The deficiencies of this edition are so great as to impair, and in some cases to destroy its value as an index to true opinions of Mr. Jefferson, and to his relation to the men and events of his time....the fact remains that the writings of one of the foremost statesmen in American history have been given to the world in a most incomplete form, omitting far more than they contain ....After hearing Spofford's sobering report, the joint committee appeared to be convinced of the necessity of a new edition of Jefferson's writings to be prepared by Miss Randolph under Spofford's general direction.45 On April 26, 1888, and again on January 29, 1889, the joint committee came out in favor of sponsoring a new and comprehensive edition of Jefferson's "correspondence sent and received," for which Miss Randolph was to receive $2,500 a year.46 However, by 1889 the committee was also considering the purchase of the papers in Miss Randolph's possession, none of which were duplicated in the State Department collection. The debate in Congress over the purchase continued for several years and in the meantime the editorial project was shunted aside.

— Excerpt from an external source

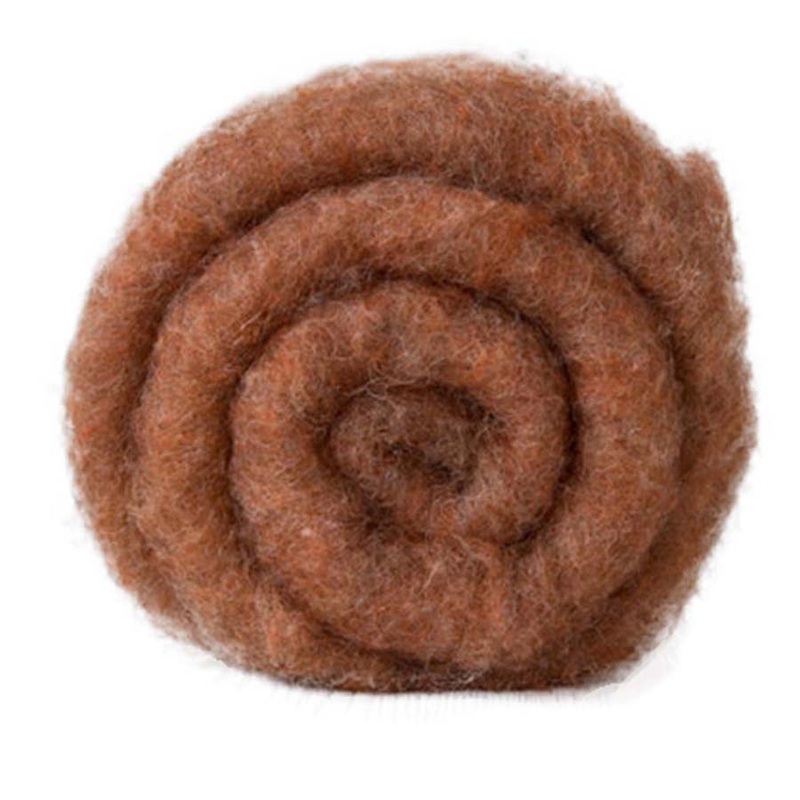 Maori & Bergschaf Carded Wool For Needle Felting ( DHG) – Calvados 20 – 500g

Sarah Randolph died on April 25, 1892, leaving the papers to her sister Caroline Ramsey Randolph.47 The joint committee had recognized the value of reuniting the public and private collections of Jeffersonian correspondence, but it was unable to persuade Congress, and an outstanding opportunity to correct the failures of the previous generation was lost.48
These valuable papers have just been discovered by me in the clearance effected of a room next to the Congressional Library in the Capitol, in which have been piled for many years (it being the only place under lock and key) the accumulations of manuscripts, rare books, etc. which could not be protected in the Library proper.

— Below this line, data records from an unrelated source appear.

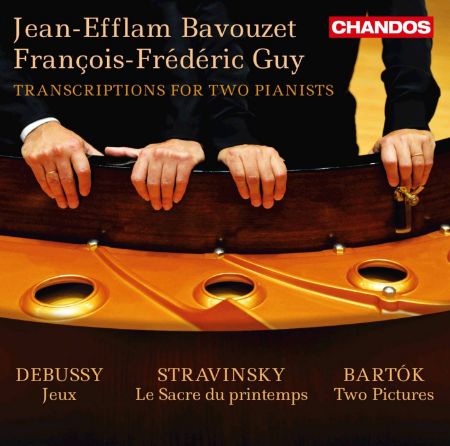 Slika TRANSCRIPTIONS FOR TWO PIANISTS/BAVOUZET,GUY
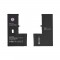 BATERIA DO APPLE IPHONE XS Z UKŁADEM TI 2658MAH RMORE PREMIUM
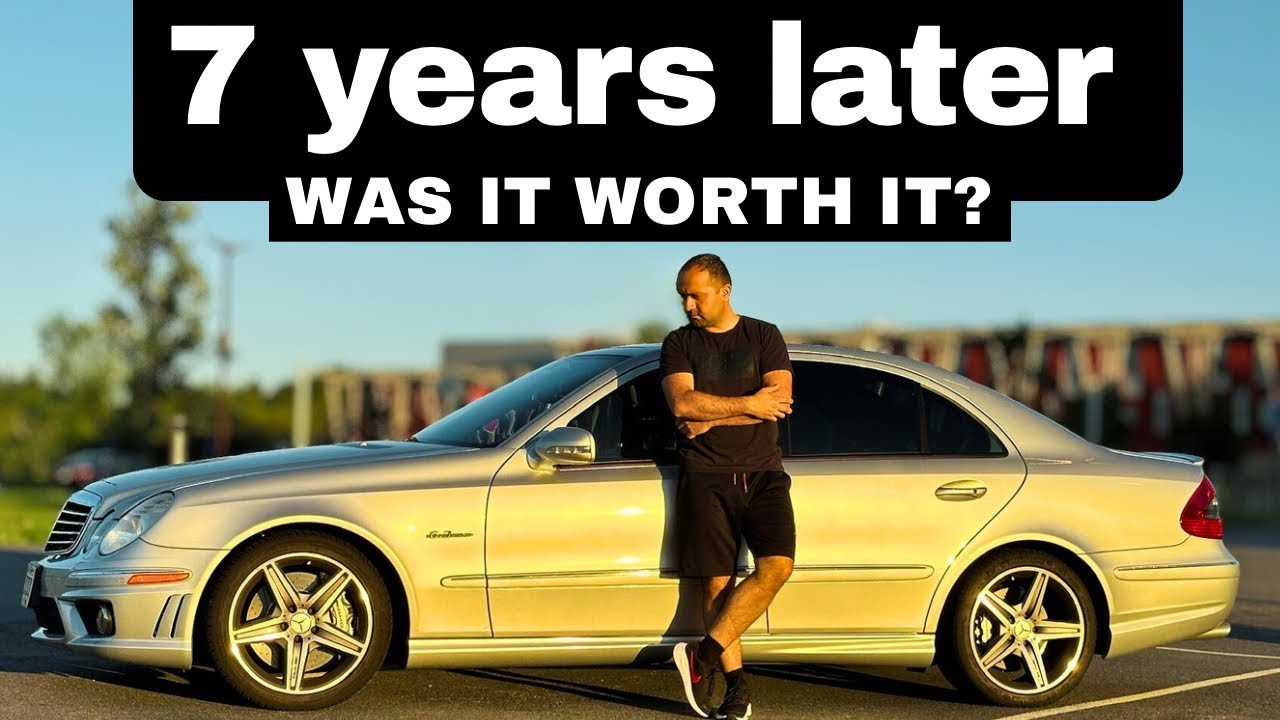 The Brutal Truth About Owning a 507HP Mercedes for 7 Years (w211 AMG)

These Jefferson papers were sent to the Joint Committee on the Library, with others, upon an application of the heirs to have returned to them the papers of a private nature, which had been in possession of the government pending the selection of material to be published. An examination of all the papers resulted in the return by the Committee of a section of the papers which were unquestionably private, to Miss Sarah N. Randolph, representing the heirs, leaving all which were of a public nature, or partly public and partly private, in the hands of the Committee.
This deposit, with multitudes of others, was completely overlooked by me in the multiplicity of increasing cares and labors pressing upon the librarian in the Copyright Bureau and the Library proper, and their discovery, after so many years, enables me to perform a most gratifying though tardy act of justice in restoring them to the Department. They are believed to be wholly intact.49The material was added to the Jefferson holdings of the Bureau of Rolls and Library at the Department of State, which already included, according to an undated holograph list:
Case No 18. Jefferson Papers 1st Series letters from Jefferson 14 vols 4o 2d " " recd by Jefferson 91 " " 3d " " Treasury, War & Navy 11 " " letters 4th " " & notes recd while Secy of State 3 " " 5th " Miscellaneous 16 " " 1st " Index to names 1 " " 2d, 3d, 4th & 5th Series, Index to names 1 " " Canons of etiquette with letter of Rufus King to Madison enclosed in Book cover Letters to Jefferson concerning his administration Package loose papers Letters of Jefferson from Paris during 1786-1787-1788 Bundle of Papers Diary of Thomas Jefferson 1783. (Small 12mo calf binding.) in envelope Design of a monument to Jefferson Batture case-pamphlet with written notes by Jefferson50
The material sent from the Library of Congress in December 1897 was bound in 19 additional volumes and formed a sixth series of Jefferson papers.51 By an act of Congress, February 25, 1903, however, heads of government agencies were authorized to turn over to the Library of Congress "books, maps, or other material" no longer needed in the conduct of their business. The Jefferson papers formed one of the first groups to be transferred in accordance with this act and following an executive order of March 9, 1903. The Library received them on July 25, 1904. The Department of State retained two groups of Jeffersonian letters: transcripts of his Parisian letters, May 11, 1785-August 6, 1787; and his official letters, as minister to France, to Congress and to John Jay, secretary for foreign affairs.52 In addition to the six series of bound papers, the Library of Congress received:
The Virginia Almanack for the 1773, Containing Memoranda in Jefferson's handwriting relating to money matters.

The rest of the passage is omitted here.